I get hundreds of letters from consumers about retailers and manufacturers who refuse to acknowledge this right of the consumer or accept their responsibility with regard to the quality of goods sold by them.
The attitude of businesses can be seen in the terms and conditions on their cash receipts and on the notices they put up at their showrooms, declaring that they will not take responsibility for the quality of goods sold or that they will neither exchange nor refund the cost of the goods. And the government, which is supposed to protect the rights of consumers, does nothing about it!
In sharp contrast, the Australian government tells consumers on its websites that under the Australian Consumer Law, it is illegal for businesses to put up notices such as "No refunds on sale items", "No exchanges", "No warranties for repairs - deal directly with the manufacturer" or "Seven-day returns policy". It exhorts consumers to report any such illegal notices by calling on a toll free number provided and underscores that consumers have a right to repair, replacement or refund of a defective product.
Similarly, in the United Kingdom, regulators, through their websites and brochures, tell consumers that their rights are not curtailed when they buy goods at a discount sale and that notices such as "No returns on sale goods" or "Sold as seen" are illegal. Call on the toll-free number and complain against those that put up such notices, consumers are told.
So, why aren't consumers in India protected similarly? First and foremost, there is lack of political will to do so. As a result, our laws are deficient and their enforcement even more so. In Australia, for example, the Consumer Protection Law is enforced by regulators. But In India, 'promotion and protection' of the rights of consumers is entrusted to toothless recommendatory bodies called the Consumer Protection Councils at the central, state and the district level, constituted under the Consumer Protection Act. Even the regulator for unfair trade practices (Monopolies and Restrictive Trade Practices Commission) that once existed, is taken away (or dissolved), leaving consumers totally vulnerable to the machinations of the marketplace.
In short, in India, the much touted Consumer Protection Act does not fulfill the objective of the Act: "better protection of consumers". All it does is provide for a mechanism for the enforcement of one of the rights enumerated under the law - the right to redress of grievances - through the consumer courts.

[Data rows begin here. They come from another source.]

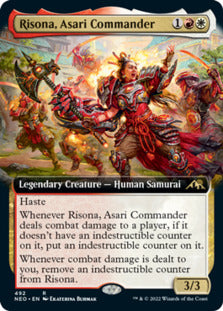 Risona, Asari Commander (Extended Art) [Kamigawa: Neon Dynasty] | Good Games Morley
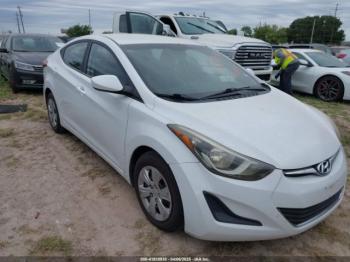  Salvage Hyundai ELANTRA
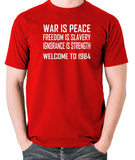 1984, George Orwell - War Is Peace - Men's T Shirt - red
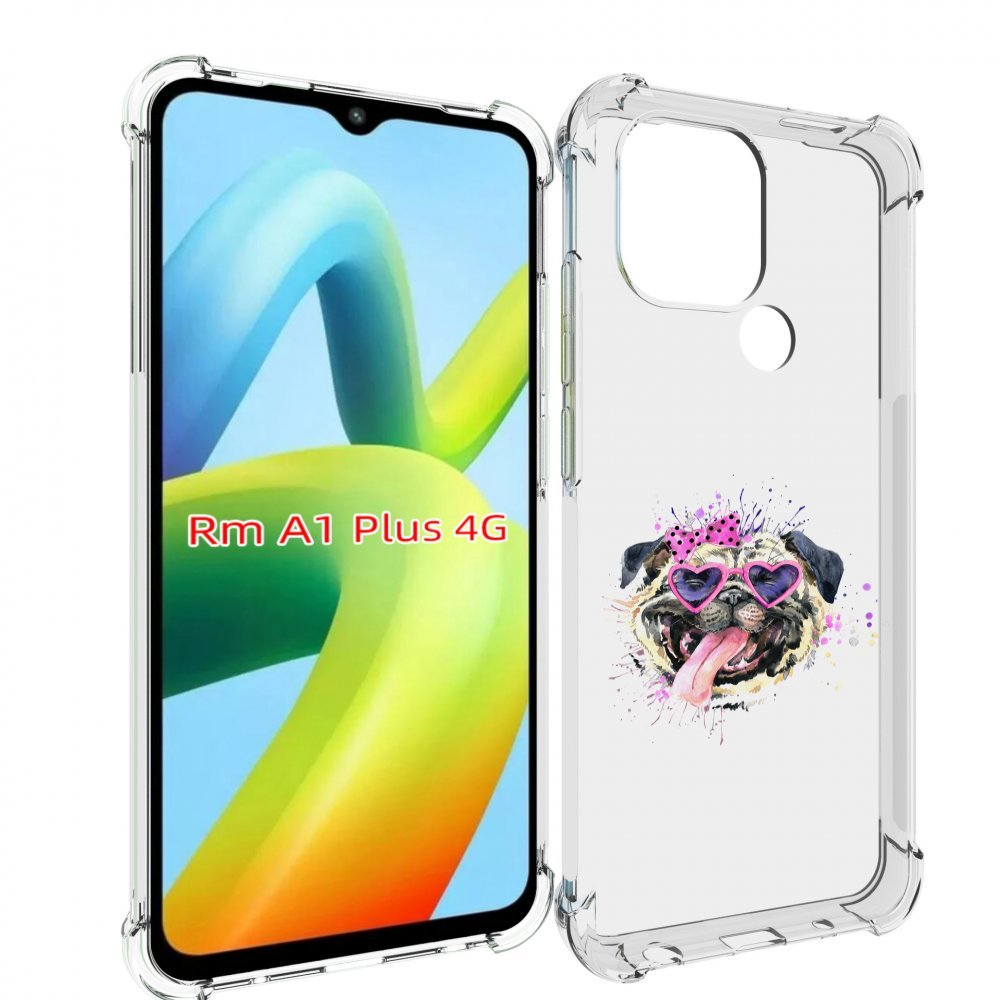

Чехол MyPads Веселая собака для Xiaomi Redmi A1 Plus +, Прозрачный, Tocco
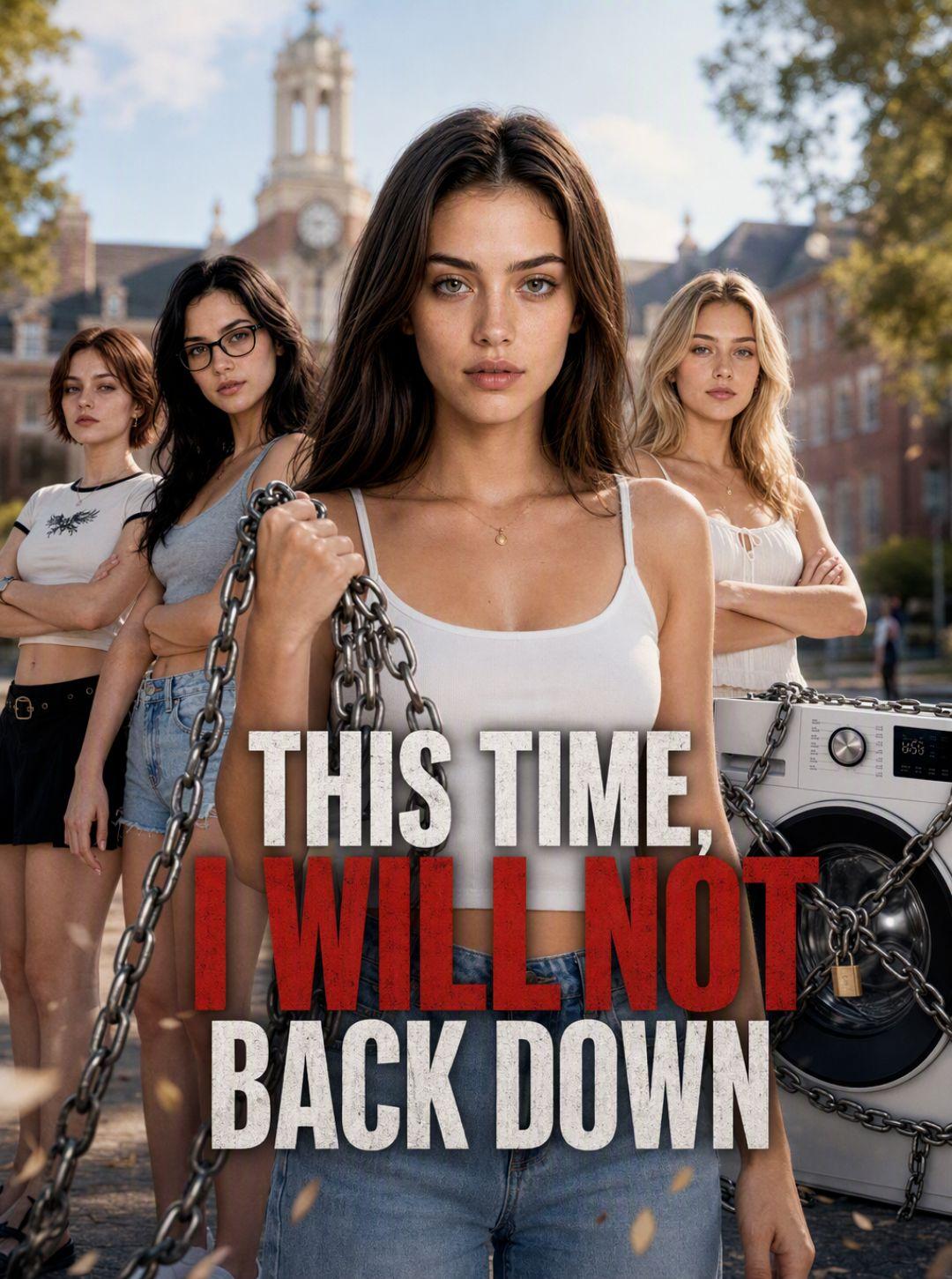 THIS TIME, I WILL NOT BACK DOWN short drama poster
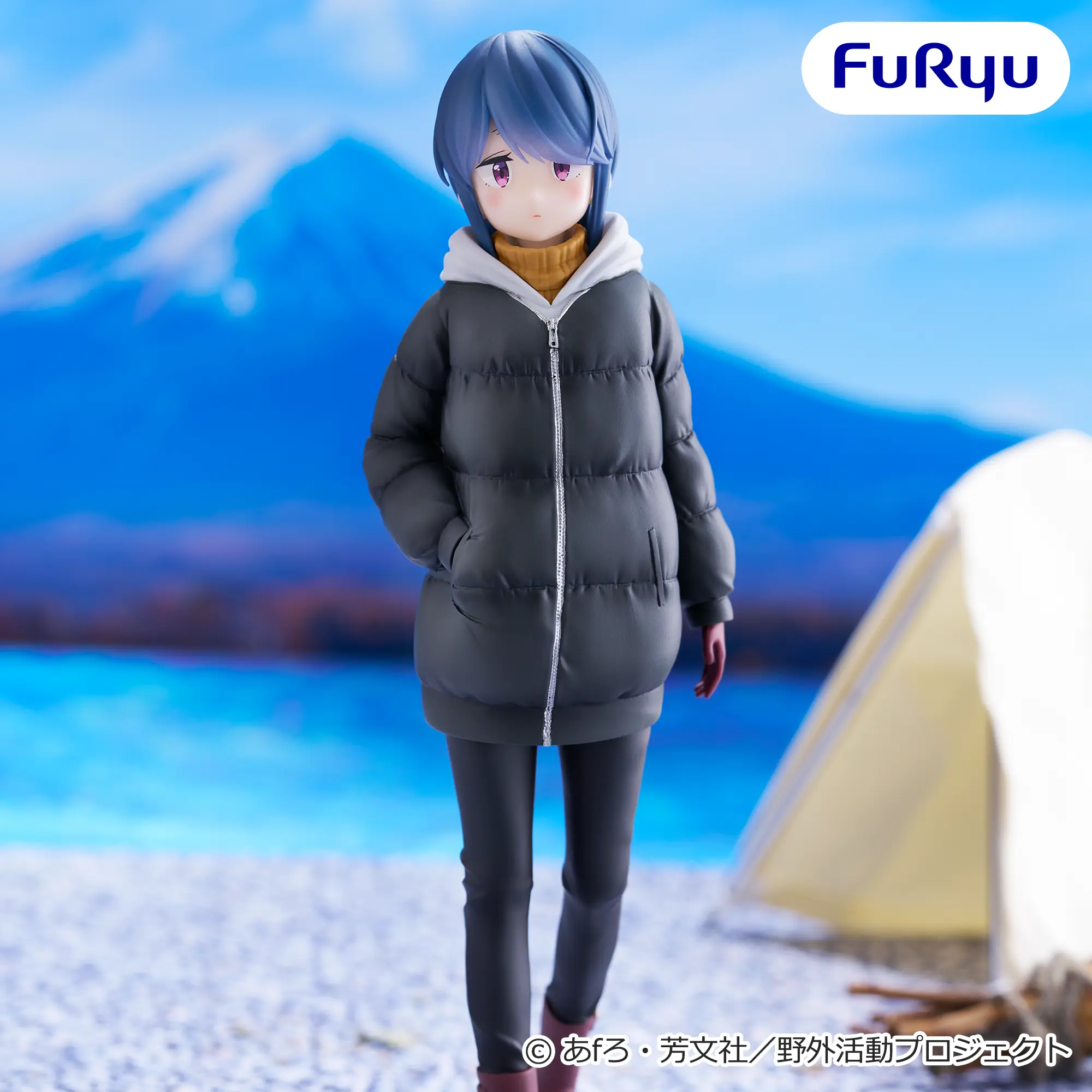 Аніме фігурка Рін Шіма (Rin Shima) — Табір на свіжому повітрі (Laid-Back Camp / Yuru Camp), серія Trio-Try-iT, 20 см 2
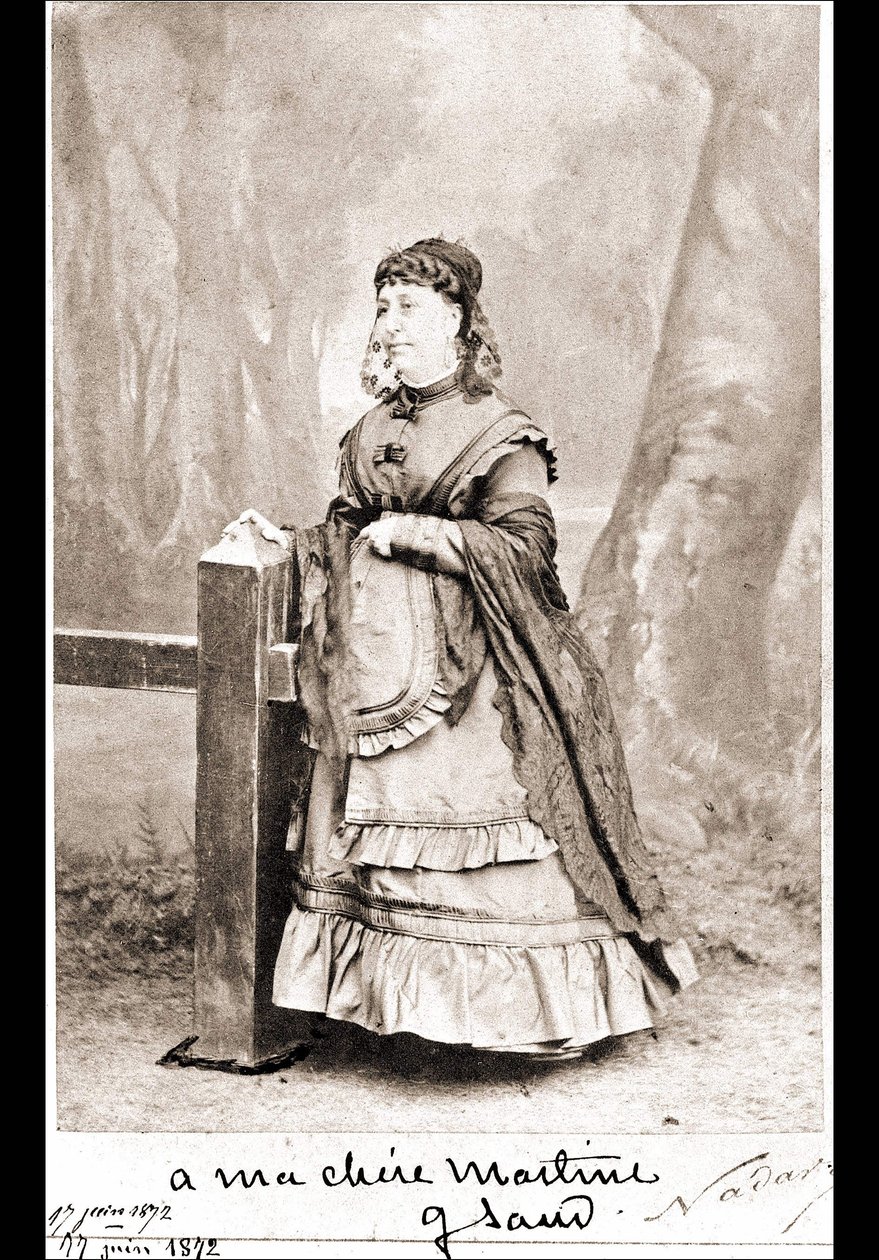 Portrett av George Sand (Aurore Dupin, Baronne Dudevant) (1804-1876) - fotografi av Nadar av Nadar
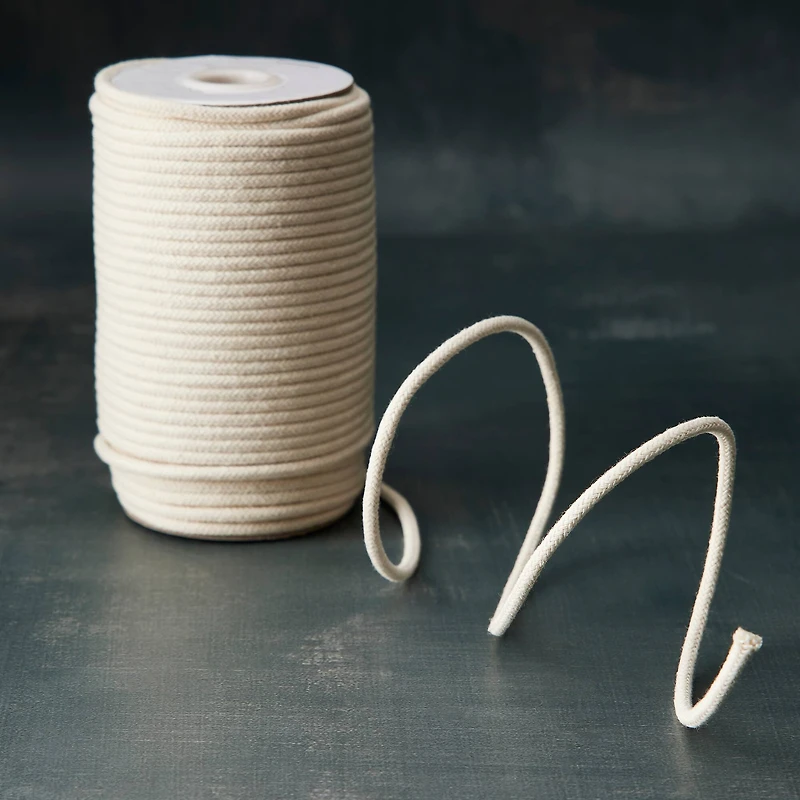 8 Pack: 4mm Natural Cotton Macramé Cord by Bead Landing™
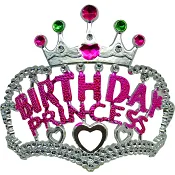 Krona Birthday Princess 12,5x10cm.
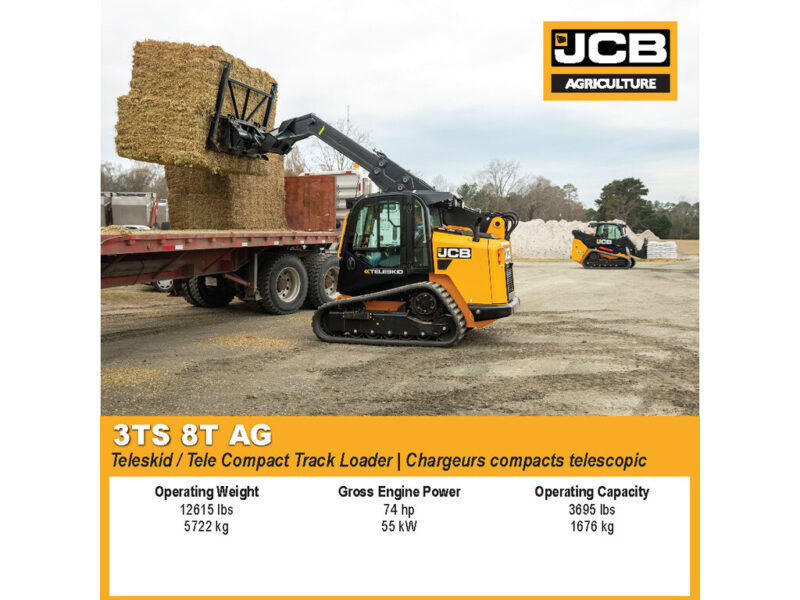 JCB 3TS 8T AGRI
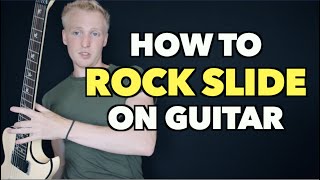 Rock Slides - Guitar - How & When to Use (Power Slide, cool guitar effect)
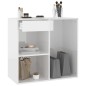 vidaXL Armario de maquillaje madera blanco brillante 80x40x75 cm vidaXL Armario de maquillaje madera blanco brillante 80x40x75 cm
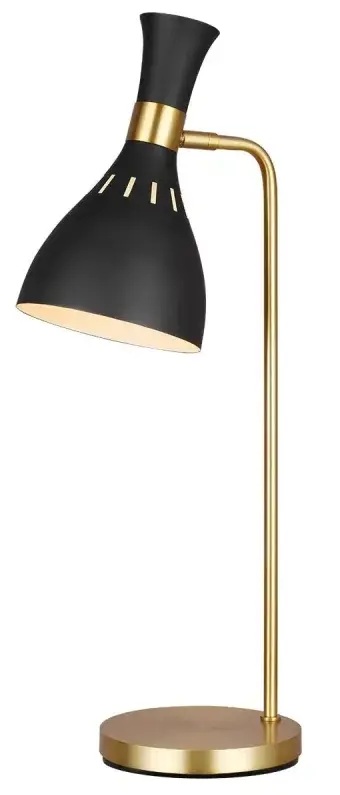 Elstead Lighting Joan stolová lampa 1x60 W čierna-mosadzná FE-JOAN-TL-MB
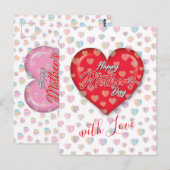 Fijne Moederdag Ontwerp Briefkaart (Voorkant / Achterkant)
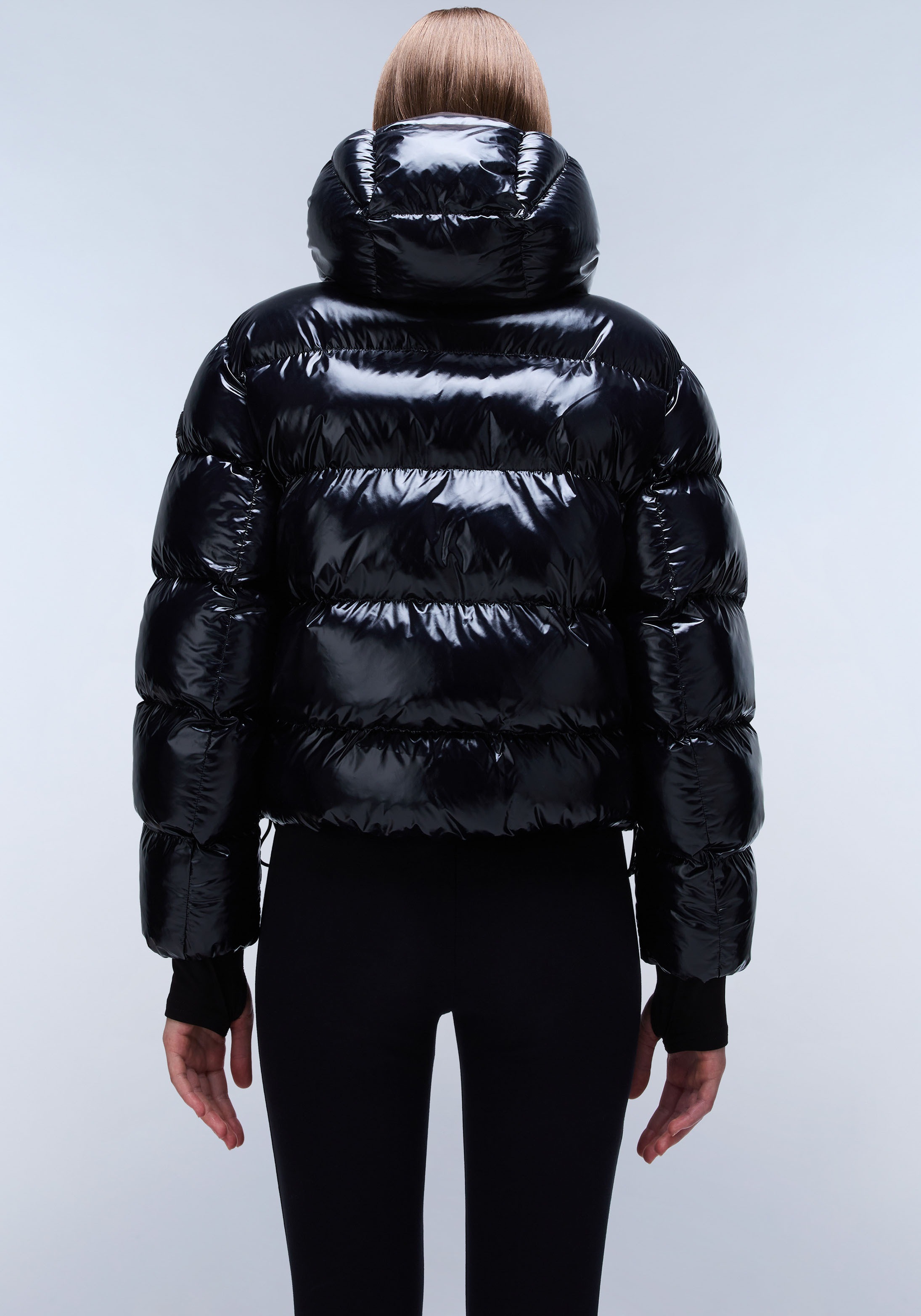 Napapijri Steppjacke »GLANE«, mit Kapuze, in glänzender Optik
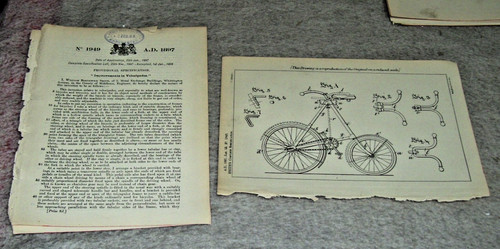 Improvements velocipedes - in,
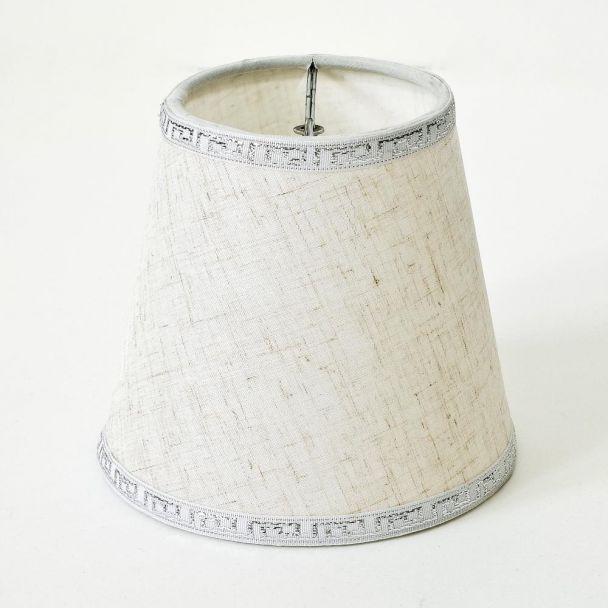 Abat-jour lin couleur beige brillant - Léo - EN SO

Even if the consumer courts or the grievance redress system provided under Act worked efficiently (and they are far from being so), they cannot be a substitute for a regulator. So consumers continue to be victims of unethical practices, unfair terms and conditions, defective products and shoddy after sales service.
Dr Pankaj Sharma: I purchased a pair of branded shoes at 40% discount from a multi-brand showroom in Katwaria Sarai, New Delhi. The shoes, which cost me Rs 1,319 after discount, turned out to be defective. The showroom owner, however, refuses to replace the pair, saying that there are no guarantee at multi-brand showrooms. What do I do?
Answer: Whatever be the nature of the showroom, if the product sold turns out to be defective, the retailer has to take full responsibility for it. If he is unwilling to accept that, you will have to fight for your right to a replacement or a refund through a complaint before the consumer court.